---
kernelspec:
  name: python3
  display_name: python3
jupytext:
  text_representation:
    extension: .md
    format_name: myst
    format_version: '0.13'
    jupytext_version: 1.14.1
---


# Exercise 1

:::{important}
Please complete this exercise
**by 3 pm** on Thursday, 9 November, 2023
(the day before the next work session).
:::

To start this assignment, [accept the GitHub classroom
assignment](https://classroom.github.com/a/KtZvBd1E), and clone *your own*
repository, e.g., in a [CSC
Notebook](../../course-info/course-environment)
instance. Make sure you commit and push all changes you make (you can
revisit instructions on how to use `git` and the JupyterLab git-plugin
on the [website of the Geo-Python
course](https://geo-python-site.readthedocs.io/en/latest/lessons/L2/git-basics.html).

To preview the exercise without logging in, you can find the open course copy
of the course’s GitHub repository at
[github.com/Automating-GIS-processes-II-2023/Exercise-1](https://github.com/Automating-GIS-processes-II-2023/Exercise-1).
Don’t attempt to commit changes to that repository, but rather work with your
personal GitHub classroom copy (see above).

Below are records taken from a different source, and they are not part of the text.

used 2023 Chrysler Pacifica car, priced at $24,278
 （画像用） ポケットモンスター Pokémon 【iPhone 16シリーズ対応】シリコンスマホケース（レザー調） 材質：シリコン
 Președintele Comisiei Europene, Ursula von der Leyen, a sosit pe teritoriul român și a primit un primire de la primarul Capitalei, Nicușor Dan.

:::{admonition} Exercises are done individually
All the weekly exercises need to be done individually in this period. 
So **NO pair programming** for exercises in this period. 

:::


## Hints

- [Geo-Python, lesson 4: Functions](https://geo-python-site.readthedocs.io/en/latest/notebooks/L4/functions.html)
- [Geo-Python, lesson 6: Iterating dataframe rows](https://geo-python-site.readthedocs.io/en/latest/notebooks/L6/advanced-data-processing-with-pandas.html#iterating-over-rows)
- [Geo-Python, lesson 6: Using assertions](https://geo-python-site.readthedocs.io/en/latest/notebooks/L6/gcp-5-assertions.html)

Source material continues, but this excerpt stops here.